L’union de la gauche prend forme à Toulouse. Lundi 16 mars dès 9h, le Parti socialiste (PS) et La France insoumise (LFI) ont officialisé une liste commune pour le second tour, malgré l’absence d’accord national entre les deux partis.
Arrivés respectivement deuxième et troisième au premier tour des municipales, dimanche, François Piquemal (LFI) avec 27,56% et François Briançon (PS) avec 24,99% feront campagne ensemble sous la bannière « Demain Toulouse, la gauche unie ». Leur objectif : tenter de renverser le maire sortant divers droite, Jean-Luc Moudenc.

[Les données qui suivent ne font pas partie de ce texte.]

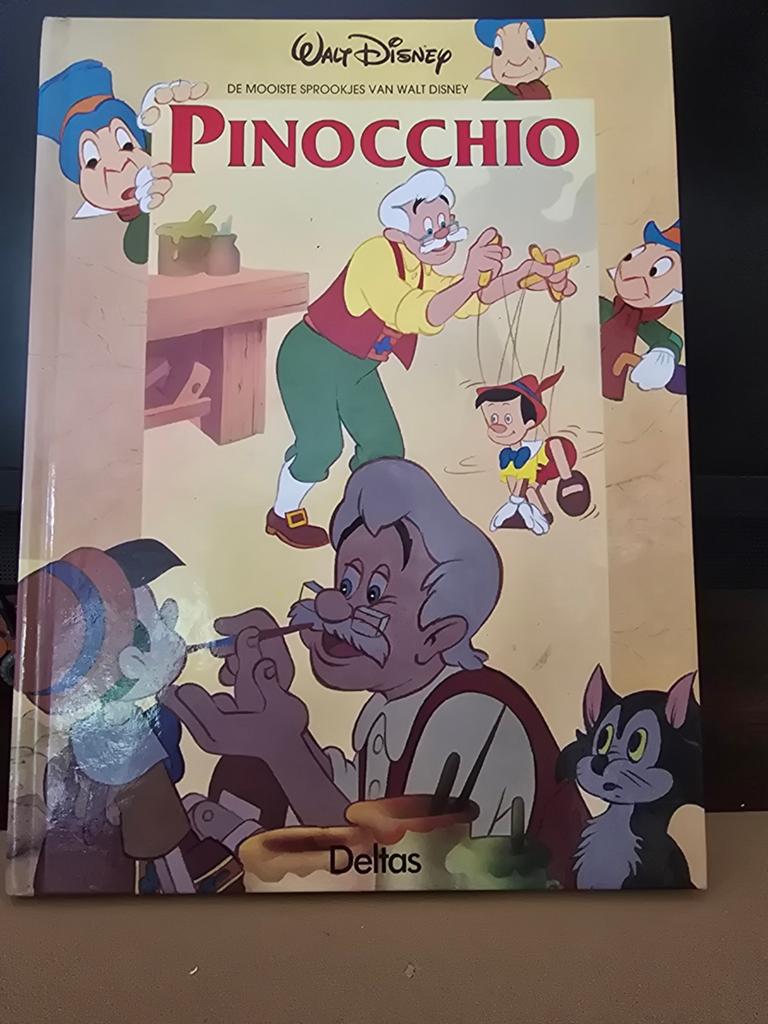 Walt Disney's Pinocchio - De Mooiste Sprookjes, Ophalen of Verzenden, Gelezen, Walt Disney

À eux deux, ils ont rassemblé davantage de voix que l’édile sortant. Mais Jean-Luc Moudenc conserve une avance confortable : il devance François Piquemal, le candidat retenu pour conduire la liste d’union, de près de dix points et compte environ 15.000 électeurs de plus.
De son côté, le socialiste François Briançon, soutenu par les écologistes, pourrait prendre la présidence de la Métropole en cas de victoire.
Une alliance qui divise
Mais rien n’est fait. Cette alliance PS–LFI à Toulouse suscite de vives réactions des habitants. Certains électeurs de gauche saluent ce rapprochement. « C’est bien qu’à notre échelle locale, ils aient réussi à s’unir finalement pour faire front, et j’espère tellement que ça va passer ! Ce serait une nouvelle ère à Toulouse », espère Malou, étudiante en master à l’université du Mirail.

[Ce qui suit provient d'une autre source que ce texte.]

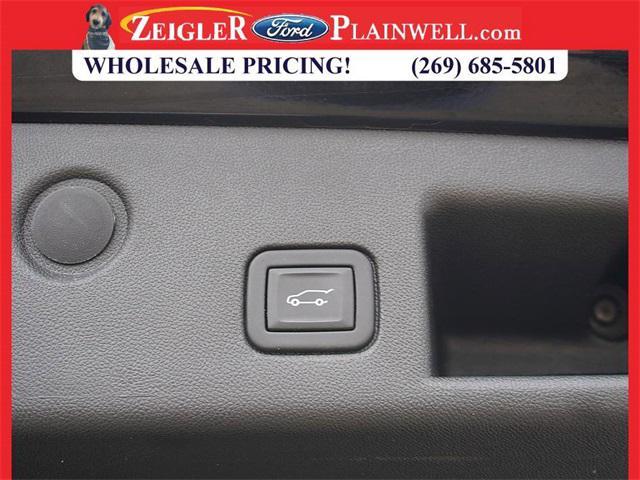 used 2023 Chevrolet Equinox car, priced at $24,571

D’autres, en revanche, rejettent catégoriquement l’idée d’un rapprochement avec les Insoumis. « Moi j’ai pas du tout envie que passe Monsieur Mélenchon et tout son parti. Je n’aime pas ce monsieur qui inspire la violence et cherche plus à conforter un électorat que d’arranger les situations », affirme Martine, 65 ans.
Pour certains électeurs, la politique nationale pèse aussi dans le vote local. Philippe, artisan du quartier des Minimes, explique : « J’ai déjà voté pour lui, pour Mélenchon lors des élections présidentielles. Et sincèrement, quand je vois comment ça s’est dégradé, sa façon de parler aux gens… » Le résultat est sans appel pour cet électricien :« Je voterai Moudenc par défaut. Lui connaît le job. Les autres, c’est l’inquiétude. On ne sait pas trop qui sont ces gens. Le temps qu’ils s’installent, le mandat sera fini. » souligne-t-il.
Chez les plus jeunes électeurs, l’union fait davantage naître l’espoir d’un changement, à condition que l’électorat de gauche suive l’union.« Je me dis que face à des candidats d’extrême droite, peut être que le barrage est un peu plus évident, que dans cette situation, face à un candidat comme Moudenc. Peut être qu’il y a des électeurs PS qui préfèreront faire barrage à LFI… » s’inquiète Kylian, un étudiant toulousain en langues étrangères.
Une autre étudiante abonde :« Forcément il y aura des personnes réfractaires. Moi-même, je ne suis pas forcément à fond avec LFI ! Mais au bout d’un moment, c’est la solution pour vraiment faire barrage à Moudenc. »
Verdict dimanche soir, à la sortie des urnes.